Despite having such a small campus, Olin community members are still amazed by how much goes on that we don’t know about. Email is the primary form of information dissemination at Olin, but it’s easy to miss things and the deluge is overwhelming. It also requires that one be on all of the campus mailing lists to have access to all event information, which is impractical. There had to be a better way.
So…you made a calendar?
Yes, and no. While what we made may look like a calendar, there is a key difference in the underlying data structure. Instead of an event being added to a specific calendar (e.g. “Gardening Club,” “Student Affairs”), all of the events are stored in the Amorphous Blob of Events (ABE) and assigned tags. That way an event can have multiple tags and effectively be on multiple “calendars.” A user can then simply choose which tags to see, and all of the relevant events are shown. The user can even create an ICS feed to add to their own calendaring software (e.g. Google Calendar) to automatically see events with the desired tags on their own calendar. (New events will show up automatically.)
Once the web app began to grow in complexity, it became clear that Redux would be helpful for maintaining state. I took the lead on learning that and migrated the first few components to use Redux.

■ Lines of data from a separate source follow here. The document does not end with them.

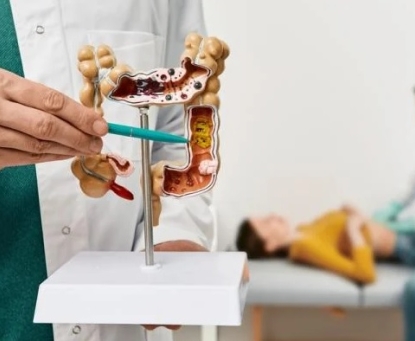 Những ai có nguy cơ cao mắc ung thư đại tràng và cần tầm soát sớm?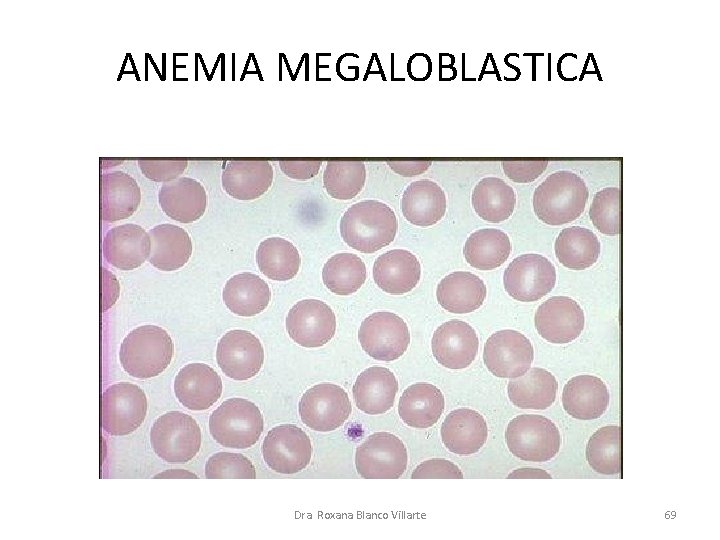 ANEMIA MEGALOBLASTICA Dra. Roxana Blanco Villarte 69 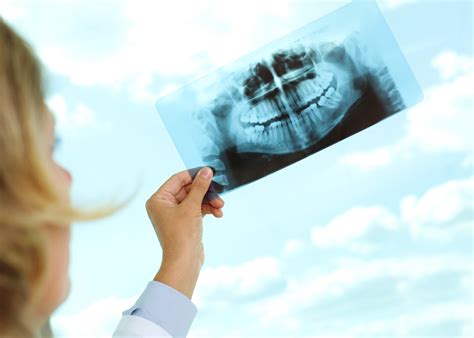 Why Are Dental X Rays Important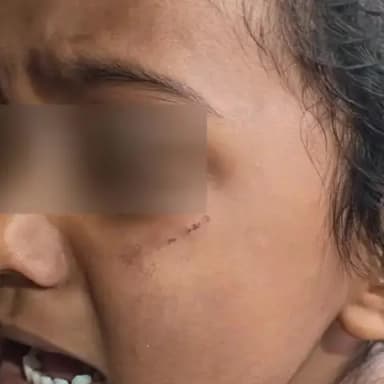 ಚಿತ್ತಾಪುರ: ಲಾಡ್ಲಾಪುರ ಗ್ರಾಮದಲ್ಲಿ ಹುಚ್ಚು ನಾಯಿಗಳ ದಾಳಿ: ನಾಲ್ವರು ಮಕ್ಕಳು ಗಂಭೀರ ಗಾಯ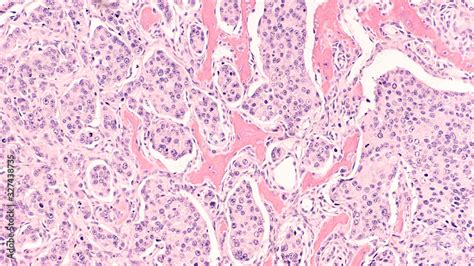 Metastatic prostate cancer: Photomicrograph of bone biopsy showing metastasis of prostatic ...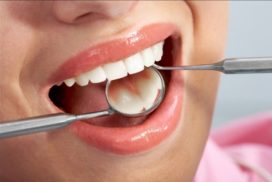 Giải đáp: trám răng sâu lỗ to bao nhiêu tiền tại thành phố Hồ Chí Minh? 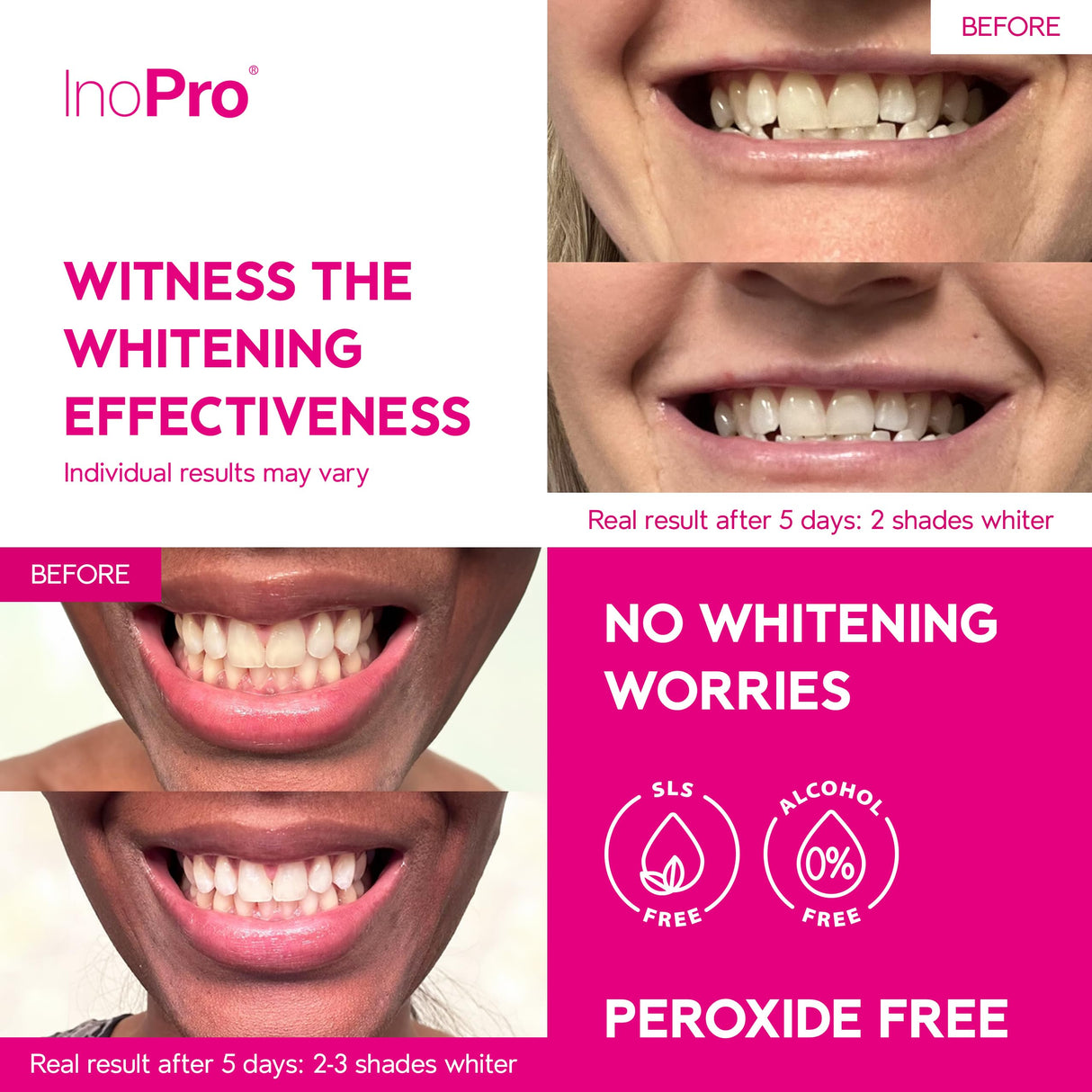 InoPro Teeth Whitening Strips 21 Treatments Kit - Teeth Whitener, Peroxide Free, Enamel Safe Green Whitestrips, Deep Stains Removal - Instant Teeth Whitening Without The Harm (42 Strips)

While Full Calendar served us well in many regards (e.g. it gave us a calendar grid right out of the box), its underlying architecture (i.e. its use of jQuery) proved to be more of a curse than a blessing in the long run. We ran into issues with component resizing and tooltips not disappearing, so I began developing a React component to replace it. Dubbed the Ultra-Responsive Calendar, it was entirely React-based with as much styling done with overridable CSS as possible. By the end of the summer, it was good enough to replace Full Calendar, though it still lacked optimal handling of edge cases (e.g. lots of events on one day in month view, many overlapping events in day/hourly view).